Born in Poland, she was the daughter of a wealthy rabbi. She soon began questioning her father on religion, to which he once told her “A young girl does not want to understand the object of her creed, but to accept and believe it.” When he betrothed her against her will, she pleaded her case to the secular civil court, which ruled in her favor.

Estranged from her father, she traveled across Europe arriving to England, where she met socialist Robert Owen, who took her under his wing and invited her to speak to like-minded audiences. She met William Ella Rose, a disciple of Owen, and they chose to be married by a civil magistrate, not a religious minister. In 1836 they emigrated to the United States.

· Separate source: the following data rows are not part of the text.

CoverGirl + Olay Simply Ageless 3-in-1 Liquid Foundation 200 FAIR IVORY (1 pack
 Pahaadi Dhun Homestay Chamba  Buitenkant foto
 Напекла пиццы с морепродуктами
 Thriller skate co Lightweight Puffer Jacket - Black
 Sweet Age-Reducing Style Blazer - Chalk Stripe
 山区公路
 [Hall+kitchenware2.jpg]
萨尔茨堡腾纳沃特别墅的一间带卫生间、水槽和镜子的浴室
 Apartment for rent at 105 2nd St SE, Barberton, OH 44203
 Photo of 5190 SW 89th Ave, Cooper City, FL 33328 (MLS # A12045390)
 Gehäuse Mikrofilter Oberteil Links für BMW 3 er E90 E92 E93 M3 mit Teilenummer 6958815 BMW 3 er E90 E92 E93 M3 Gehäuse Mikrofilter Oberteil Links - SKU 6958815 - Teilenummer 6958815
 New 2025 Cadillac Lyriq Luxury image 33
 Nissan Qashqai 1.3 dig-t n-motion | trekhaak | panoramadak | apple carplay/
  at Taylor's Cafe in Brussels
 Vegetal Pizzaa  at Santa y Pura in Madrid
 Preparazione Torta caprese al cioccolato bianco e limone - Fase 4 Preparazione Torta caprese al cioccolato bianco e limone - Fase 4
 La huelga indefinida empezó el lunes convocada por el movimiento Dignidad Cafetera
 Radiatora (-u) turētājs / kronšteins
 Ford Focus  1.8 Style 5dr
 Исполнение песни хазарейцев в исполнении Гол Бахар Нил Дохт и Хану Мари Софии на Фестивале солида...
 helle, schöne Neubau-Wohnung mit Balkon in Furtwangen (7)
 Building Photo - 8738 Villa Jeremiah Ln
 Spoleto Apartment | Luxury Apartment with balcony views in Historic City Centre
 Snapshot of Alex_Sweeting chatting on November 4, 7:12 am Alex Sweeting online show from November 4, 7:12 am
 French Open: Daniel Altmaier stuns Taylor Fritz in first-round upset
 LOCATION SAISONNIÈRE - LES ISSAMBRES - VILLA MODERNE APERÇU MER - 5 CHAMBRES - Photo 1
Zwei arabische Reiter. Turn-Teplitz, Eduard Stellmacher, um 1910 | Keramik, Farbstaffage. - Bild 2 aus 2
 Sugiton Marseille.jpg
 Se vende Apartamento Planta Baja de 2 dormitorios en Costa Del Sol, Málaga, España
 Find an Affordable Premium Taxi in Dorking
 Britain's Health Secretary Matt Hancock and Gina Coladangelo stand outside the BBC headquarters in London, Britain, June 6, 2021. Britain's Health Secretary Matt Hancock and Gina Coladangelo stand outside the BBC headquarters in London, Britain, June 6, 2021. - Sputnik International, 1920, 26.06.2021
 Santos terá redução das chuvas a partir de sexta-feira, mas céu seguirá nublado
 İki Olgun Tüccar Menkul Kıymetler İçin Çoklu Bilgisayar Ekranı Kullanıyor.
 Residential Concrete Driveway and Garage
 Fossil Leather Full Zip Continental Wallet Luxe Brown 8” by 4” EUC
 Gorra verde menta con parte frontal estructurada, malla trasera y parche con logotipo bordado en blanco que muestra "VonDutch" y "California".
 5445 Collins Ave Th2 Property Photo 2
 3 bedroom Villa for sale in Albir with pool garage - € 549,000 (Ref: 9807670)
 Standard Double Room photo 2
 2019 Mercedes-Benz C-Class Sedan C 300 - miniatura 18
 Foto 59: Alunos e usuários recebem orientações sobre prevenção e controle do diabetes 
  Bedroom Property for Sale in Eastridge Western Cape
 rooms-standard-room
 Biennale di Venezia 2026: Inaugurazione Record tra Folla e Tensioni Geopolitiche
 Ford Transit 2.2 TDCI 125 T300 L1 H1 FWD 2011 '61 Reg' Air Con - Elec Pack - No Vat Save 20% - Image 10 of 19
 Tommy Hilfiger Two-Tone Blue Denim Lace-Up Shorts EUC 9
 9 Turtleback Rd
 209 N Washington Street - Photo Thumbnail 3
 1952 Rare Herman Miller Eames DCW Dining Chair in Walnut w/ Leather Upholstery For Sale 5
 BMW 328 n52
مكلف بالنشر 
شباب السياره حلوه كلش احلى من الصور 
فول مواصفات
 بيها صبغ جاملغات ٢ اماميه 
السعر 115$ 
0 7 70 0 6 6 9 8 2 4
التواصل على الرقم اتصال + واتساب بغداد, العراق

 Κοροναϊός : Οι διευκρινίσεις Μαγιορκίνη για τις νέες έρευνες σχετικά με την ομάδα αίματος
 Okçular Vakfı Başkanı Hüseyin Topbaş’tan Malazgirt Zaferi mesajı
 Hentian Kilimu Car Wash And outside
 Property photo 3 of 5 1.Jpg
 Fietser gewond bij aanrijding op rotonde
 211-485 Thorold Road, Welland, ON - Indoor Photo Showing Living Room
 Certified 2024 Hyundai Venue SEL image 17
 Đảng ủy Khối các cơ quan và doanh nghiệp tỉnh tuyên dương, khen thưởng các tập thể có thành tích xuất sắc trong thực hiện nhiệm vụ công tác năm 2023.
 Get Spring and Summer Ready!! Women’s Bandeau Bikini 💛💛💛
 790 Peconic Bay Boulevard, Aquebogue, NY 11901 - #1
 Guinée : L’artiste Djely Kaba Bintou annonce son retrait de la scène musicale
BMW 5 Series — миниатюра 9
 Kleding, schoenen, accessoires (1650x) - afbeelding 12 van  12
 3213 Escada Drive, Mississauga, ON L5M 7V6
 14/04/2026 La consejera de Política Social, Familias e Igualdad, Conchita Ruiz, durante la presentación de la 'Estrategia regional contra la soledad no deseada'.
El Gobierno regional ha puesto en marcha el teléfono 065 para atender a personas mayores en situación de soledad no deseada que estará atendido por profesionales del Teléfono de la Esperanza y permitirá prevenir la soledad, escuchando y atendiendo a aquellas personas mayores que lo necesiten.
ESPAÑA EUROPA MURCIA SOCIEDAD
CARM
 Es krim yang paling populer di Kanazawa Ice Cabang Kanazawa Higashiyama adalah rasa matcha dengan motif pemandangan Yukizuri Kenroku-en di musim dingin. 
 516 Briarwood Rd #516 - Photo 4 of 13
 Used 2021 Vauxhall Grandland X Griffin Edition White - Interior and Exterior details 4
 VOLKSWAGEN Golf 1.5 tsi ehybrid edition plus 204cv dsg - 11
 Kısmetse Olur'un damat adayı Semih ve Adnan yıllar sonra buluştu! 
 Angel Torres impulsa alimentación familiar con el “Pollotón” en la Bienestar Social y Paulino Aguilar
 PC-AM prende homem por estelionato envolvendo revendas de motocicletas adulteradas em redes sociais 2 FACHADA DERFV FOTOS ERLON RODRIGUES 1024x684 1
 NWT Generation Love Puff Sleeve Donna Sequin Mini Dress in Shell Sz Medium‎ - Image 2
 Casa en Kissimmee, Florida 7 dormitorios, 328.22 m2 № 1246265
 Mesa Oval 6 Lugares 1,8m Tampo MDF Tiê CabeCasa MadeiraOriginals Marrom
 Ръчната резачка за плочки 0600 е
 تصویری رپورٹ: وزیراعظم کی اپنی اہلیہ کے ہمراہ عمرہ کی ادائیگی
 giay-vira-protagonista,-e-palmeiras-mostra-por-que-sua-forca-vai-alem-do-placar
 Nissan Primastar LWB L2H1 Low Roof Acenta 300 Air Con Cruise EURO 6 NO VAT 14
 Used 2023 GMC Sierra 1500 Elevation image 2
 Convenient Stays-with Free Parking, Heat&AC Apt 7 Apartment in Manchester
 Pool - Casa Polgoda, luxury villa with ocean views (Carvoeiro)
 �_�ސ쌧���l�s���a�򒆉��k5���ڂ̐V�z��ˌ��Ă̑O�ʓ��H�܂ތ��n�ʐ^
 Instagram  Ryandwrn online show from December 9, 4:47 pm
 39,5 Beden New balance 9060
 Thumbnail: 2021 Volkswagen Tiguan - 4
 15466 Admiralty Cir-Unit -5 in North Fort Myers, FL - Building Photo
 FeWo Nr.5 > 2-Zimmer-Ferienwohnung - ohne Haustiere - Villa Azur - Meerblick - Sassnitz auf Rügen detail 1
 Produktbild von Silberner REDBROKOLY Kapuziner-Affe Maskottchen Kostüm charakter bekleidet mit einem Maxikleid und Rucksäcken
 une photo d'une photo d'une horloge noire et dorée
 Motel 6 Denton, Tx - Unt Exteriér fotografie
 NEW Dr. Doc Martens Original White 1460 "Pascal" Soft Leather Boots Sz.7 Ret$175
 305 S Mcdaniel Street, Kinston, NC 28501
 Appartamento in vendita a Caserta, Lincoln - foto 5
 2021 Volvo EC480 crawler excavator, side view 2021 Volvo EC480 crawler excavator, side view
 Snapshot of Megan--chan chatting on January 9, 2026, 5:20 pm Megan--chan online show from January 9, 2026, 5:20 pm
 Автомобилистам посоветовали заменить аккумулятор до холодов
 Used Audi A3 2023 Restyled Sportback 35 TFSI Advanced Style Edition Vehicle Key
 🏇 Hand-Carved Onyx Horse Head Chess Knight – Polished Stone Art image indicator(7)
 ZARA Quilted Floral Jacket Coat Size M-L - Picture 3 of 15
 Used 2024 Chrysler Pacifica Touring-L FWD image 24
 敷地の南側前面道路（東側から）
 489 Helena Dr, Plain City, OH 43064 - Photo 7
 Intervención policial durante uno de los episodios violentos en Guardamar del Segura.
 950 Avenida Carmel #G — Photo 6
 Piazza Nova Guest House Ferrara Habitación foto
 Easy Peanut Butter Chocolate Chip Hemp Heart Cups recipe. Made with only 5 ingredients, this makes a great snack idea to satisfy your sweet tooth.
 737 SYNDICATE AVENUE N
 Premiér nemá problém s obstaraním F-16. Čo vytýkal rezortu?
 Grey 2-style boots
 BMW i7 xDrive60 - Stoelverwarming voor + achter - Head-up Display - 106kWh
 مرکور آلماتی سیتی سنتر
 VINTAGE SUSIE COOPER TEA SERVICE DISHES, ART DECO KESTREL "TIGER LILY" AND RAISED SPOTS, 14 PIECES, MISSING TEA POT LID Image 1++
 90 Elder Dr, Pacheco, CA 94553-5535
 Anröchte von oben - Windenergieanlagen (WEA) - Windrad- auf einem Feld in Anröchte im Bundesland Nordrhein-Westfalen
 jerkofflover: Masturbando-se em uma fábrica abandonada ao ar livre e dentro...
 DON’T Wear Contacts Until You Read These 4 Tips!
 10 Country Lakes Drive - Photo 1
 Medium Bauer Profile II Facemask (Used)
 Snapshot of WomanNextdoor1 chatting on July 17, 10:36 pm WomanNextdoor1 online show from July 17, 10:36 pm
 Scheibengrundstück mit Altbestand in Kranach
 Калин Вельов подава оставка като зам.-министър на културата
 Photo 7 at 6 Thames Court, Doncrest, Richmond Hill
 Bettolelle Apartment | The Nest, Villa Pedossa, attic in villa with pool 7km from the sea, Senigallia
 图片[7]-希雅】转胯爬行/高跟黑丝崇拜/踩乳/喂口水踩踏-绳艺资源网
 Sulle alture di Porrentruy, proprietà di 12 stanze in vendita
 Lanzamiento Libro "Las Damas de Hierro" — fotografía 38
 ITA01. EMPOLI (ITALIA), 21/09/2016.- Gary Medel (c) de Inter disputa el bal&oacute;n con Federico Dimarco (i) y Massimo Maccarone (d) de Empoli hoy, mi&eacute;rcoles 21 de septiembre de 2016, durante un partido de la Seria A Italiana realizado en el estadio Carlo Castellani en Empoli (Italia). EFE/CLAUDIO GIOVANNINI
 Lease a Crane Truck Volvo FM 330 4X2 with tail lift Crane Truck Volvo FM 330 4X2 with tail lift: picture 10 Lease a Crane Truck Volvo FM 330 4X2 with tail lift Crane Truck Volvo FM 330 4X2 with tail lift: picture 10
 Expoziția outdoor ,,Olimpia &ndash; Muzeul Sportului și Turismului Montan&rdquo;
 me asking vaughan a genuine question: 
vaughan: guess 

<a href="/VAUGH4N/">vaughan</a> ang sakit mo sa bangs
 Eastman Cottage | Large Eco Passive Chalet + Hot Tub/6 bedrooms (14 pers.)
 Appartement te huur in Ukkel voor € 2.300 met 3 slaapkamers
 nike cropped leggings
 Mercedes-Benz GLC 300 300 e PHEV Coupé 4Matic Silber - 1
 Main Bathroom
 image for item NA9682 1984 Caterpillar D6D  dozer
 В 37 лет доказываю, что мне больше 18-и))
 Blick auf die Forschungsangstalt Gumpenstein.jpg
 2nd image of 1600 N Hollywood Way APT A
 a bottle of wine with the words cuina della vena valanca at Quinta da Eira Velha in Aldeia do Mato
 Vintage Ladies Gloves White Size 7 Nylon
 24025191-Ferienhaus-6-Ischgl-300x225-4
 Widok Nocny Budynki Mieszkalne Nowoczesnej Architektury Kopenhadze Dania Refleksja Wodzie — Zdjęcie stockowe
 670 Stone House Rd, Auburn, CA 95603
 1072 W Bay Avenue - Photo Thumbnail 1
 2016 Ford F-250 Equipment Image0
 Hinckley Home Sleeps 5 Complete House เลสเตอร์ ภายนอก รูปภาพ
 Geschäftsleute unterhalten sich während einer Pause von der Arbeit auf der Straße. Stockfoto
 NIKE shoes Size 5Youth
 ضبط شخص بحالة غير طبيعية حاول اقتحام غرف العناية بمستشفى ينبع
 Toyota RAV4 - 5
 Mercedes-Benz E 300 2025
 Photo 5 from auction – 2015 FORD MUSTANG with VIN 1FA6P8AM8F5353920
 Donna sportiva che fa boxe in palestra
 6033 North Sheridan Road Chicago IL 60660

In 1854 Rose was elected president of the National Women’s Rights Convention, in spite of objections that she was an atheist. Her election was heavily supported by Susan B. Anthony, who declared that “every religion—or none—should have an equal right on the platform.” When she was invited to deliver an anti-slavery lecture, a local newspaper called her “a female Atheist… a thousand times below a prostitute.” When Rose responded to the slur in a letter to the competing paper, she sparked off a town feud that created much publicity.

She successfully lobbied for legislation in New York that allowed married women to retain their own property and have equal guardianship of children. In 1869 she and her husband returned to England, where she began to advocate women’s suffrage. She died in Brighton in 1892.